Mountain in Wyoming, United States

Three Waters Mountain (11685 ft) is located in the northern Wind River Range in the U.S. state of Wyoming. Three Waters Mountain straddles the Continental Divide and is in both Bridger-Teton and Shoshone National Forests. The mountain receives its name from being the triple point between the watersheds of the Colorado, Columbia, and Mississippi Rivers.

==Hazards==

Encountering bears is a concern in the Wind River Range. There are other concerns as well, including bugs, wildfires, adverse snow conditions and nighttime cold temperatures.
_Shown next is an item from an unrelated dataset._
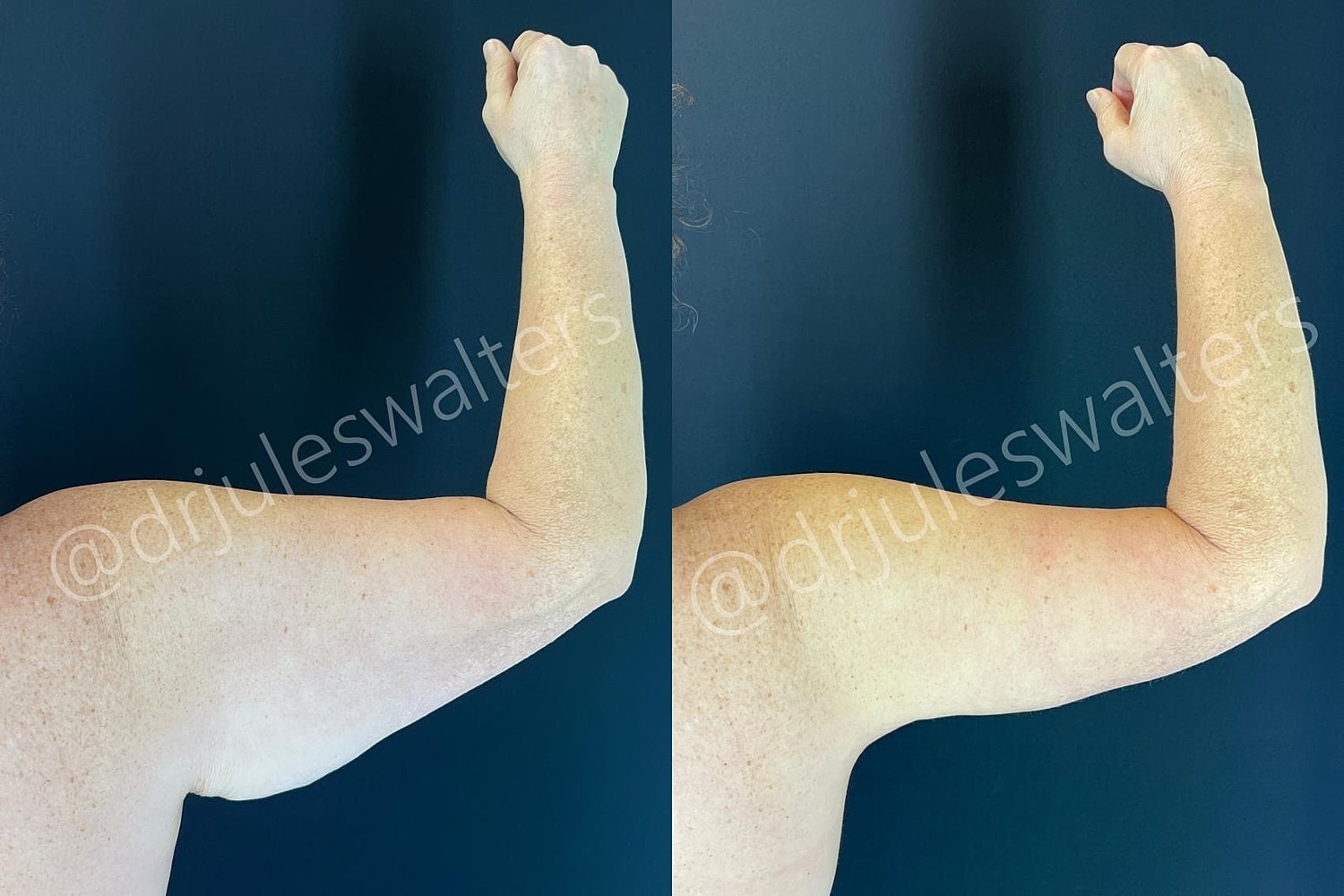 Arm Lift Brachioplasty Before & After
Importantly, there have been notable incidents, including accidental deaths, due to falls from steep cliffs (a misstep could be fatal in this class 4/5 terrain) and due to falling rocks, over the years, including 1993, 2007 (involving an experienced NOLS leader), 2015 and 2018. Other incidents include a seriously injured backpacker being airlifted near SquareTop Mountain in 2005, and a fatal hiker incident (from an apparent accidental fall) in 2006 that involved state search and rescue. The U.S. Forest Service does not offer updated aggregated records on the official number of fatalities in the Wind River Range.